◆ **WHAT THE TASK ASKS**:
When you find the line with "Issey Miyake Vestiti: Issey" among the records below, reproduce it and each line after it exactly, ending with the line with "Pier One Block".

◆ **Stored items**:
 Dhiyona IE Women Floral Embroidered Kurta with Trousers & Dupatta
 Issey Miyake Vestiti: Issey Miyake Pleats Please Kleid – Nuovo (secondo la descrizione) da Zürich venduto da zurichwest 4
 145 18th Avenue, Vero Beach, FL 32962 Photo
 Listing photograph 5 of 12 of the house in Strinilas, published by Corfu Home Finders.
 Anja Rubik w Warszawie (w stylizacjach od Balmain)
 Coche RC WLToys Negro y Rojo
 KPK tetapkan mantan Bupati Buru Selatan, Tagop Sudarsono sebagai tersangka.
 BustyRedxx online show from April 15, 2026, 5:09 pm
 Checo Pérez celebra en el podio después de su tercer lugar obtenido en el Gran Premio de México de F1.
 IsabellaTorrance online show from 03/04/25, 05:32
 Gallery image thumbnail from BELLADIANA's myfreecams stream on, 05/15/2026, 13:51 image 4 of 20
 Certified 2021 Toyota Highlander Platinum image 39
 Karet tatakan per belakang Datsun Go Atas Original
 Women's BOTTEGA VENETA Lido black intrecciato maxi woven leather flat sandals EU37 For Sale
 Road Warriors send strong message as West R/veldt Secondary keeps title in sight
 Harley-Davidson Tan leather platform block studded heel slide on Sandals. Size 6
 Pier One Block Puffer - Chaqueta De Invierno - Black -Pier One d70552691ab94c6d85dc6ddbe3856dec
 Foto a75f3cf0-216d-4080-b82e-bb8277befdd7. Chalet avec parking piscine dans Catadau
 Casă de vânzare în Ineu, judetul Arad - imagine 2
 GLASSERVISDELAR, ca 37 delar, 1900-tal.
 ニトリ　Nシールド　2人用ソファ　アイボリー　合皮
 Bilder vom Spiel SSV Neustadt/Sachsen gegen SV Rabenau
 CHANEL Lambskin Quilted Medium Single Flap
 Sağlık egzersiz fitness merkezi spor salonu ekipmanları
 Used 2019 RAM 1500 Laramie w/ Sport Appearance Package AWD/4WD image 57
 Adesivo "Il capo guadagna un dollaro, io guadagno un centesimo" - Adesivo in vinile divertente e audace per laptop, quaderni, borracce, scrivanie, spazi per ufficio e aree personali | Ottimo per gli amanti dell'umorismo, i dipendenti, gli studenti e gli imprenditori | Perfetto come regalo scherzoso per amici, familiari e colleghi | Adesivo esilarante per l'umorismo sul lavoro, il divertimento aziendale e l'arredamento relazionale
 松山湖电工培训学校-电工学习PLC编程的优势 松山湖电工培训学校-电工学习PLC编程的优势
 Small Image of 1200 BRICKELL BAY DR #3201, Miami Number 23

◆ **SOLUTION FOR THIS TASK**:
 Issey Miyake Vestiti: Issey Miyake Pleats Please Kleid – Nuovo (secondo la descrizione) da Zürich venduto da zurichwest 4
 145 18th Avenue, Vero Beach, FL 32962 Photo
 Listing photograph 5 of 12 of the house in Strinilas, published by Corfu Home Finders.
 Anja Rubik w Warszawie (w stylizacjach od Balmain)
 Coche RC WLToys Negro y Rojo
 KPK tetapkan mantan Bupati Buru Selatan, Tagop Sudarsono sebagai tersangka.
 BustyRedxx online show from April 15, 2026, 5:09 pm
 Checo Pérez celebra en el podio después de su tercer lugar obtenido en el Gran Premio de México de F1.
 IsabellaTorrance online show from 03/04/25, 05:32
 Gallery image thumbnail from BELLADIANA's myfreecams stream on, 05/15/2026, 13:51 image 4 of 20
 Certified 2021 Toyota Highlander Platinum image 39
 Karet tatakan per belakang Datsun Go Atas Original
 Women's BOTTEGA VENETA Lido black intrecciato maxi woven leather flat sandals EU37 For Sale
 Road Warriors send strong message as West R/veldt Secondary keeps title in sight
 Harley-Davidson Tan leather platform block studded heel slide on Sandals. Size 6
 Pier One Block Puffer - Chaqueta De Invierno - Black -Pier One d70552691ab94c6d85dc6ddbe3856dec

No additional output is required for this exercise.